Computer-aided reconstruction algorithms are an active area of
research in computer science, and have already been developed for
archaeological and cultural heritage applications. Although some
projects have experimented with geometric shape-matching algorithms,
this technology has not been fully developed for 3D objects exhibiting
breakages on multiple surfaces, often with worn breaks. One of the first
projects to experiment with developing a computer-aided reconstruction
algorithm to find joins among incised fragments was the Stanford Digital
Forma Urbis Romae Project. In order to find matches amongst the hundreds
of stone fragments from the Severan Marble Plan of Rome, the project
experimented with several different types of matching algorithms,
including boundary incision matching, wall feature matching,
multivariate clustering and edge fracture geometry matching (Roller
& Fevoy 2006; Roller et al. 2006; Roller 2008). Ultimately, their
attempt to match edges based on preserved geometry was not successful
and they ended up relying upon matching the plan incisions. A later
project led by Q.-X. Huang was successful in applying a geometric
matching algorithm to sculptural fragments from single objects,
including the Severan Marble Plan (Huang et al. 2006).

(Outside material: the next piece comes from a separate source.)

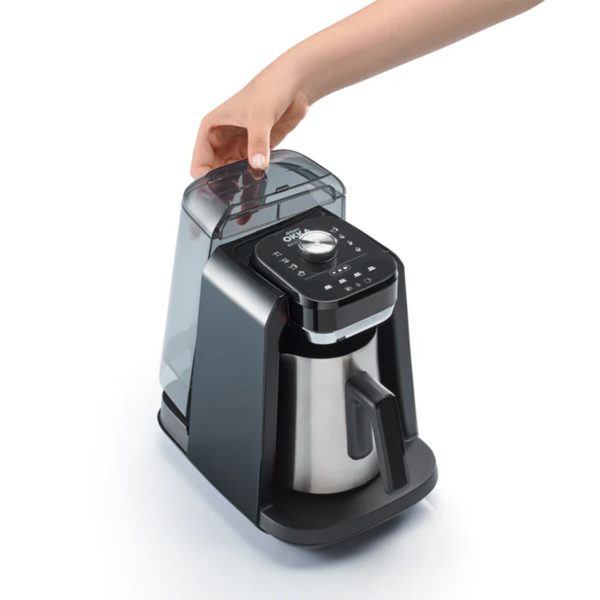 Okka Rich Pro Plus with Water Tank - وێنە 7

A Spanish project has made significant strides using a segmentation
algorithm to reconstruct the so-called Aeneas Group of Roman sculptures
found in pieces at M6rida, Spain. They developed an algorithm that
enabled them to identify the sides of the 3D models belonging to both
original and fractured surfaces (Merchan et al. 2011). In this case, the
algorithm was only applied to models from a single statue group. The
Thera Fresco Project, meanwhile, has set a precedent for the large
volume of data acquisition on a scale necessary for our proposed
research. They were able to use a 3D matching algorithm to recover
potential refit candidates amongst hundreds of fragments of wall
frescoes from the Akrotiri excavations (Brown et al. 2008;
Toler-Franklin et al. 2010).
[FIGURE 7 OMITTED]
Our proposed project differs from previous applications of matching
algorithms in the sheer number of fragments, from hundreds of different
votives, and in attempting to use an algorithm to match complex breaks
from often heavily fragmented or damaged pieces. In the future, we also
plan to experiment with virtual reality (VR) technology to the matching
algorithms process. It would be possible to use a VR system to test the
joins predicted by the algorithms, 'manually' piecing two
fragments together in a digital platform. VR technology is ideal for
this application because it is fast-developing, portable and adds a
human dimension to the automated joining process.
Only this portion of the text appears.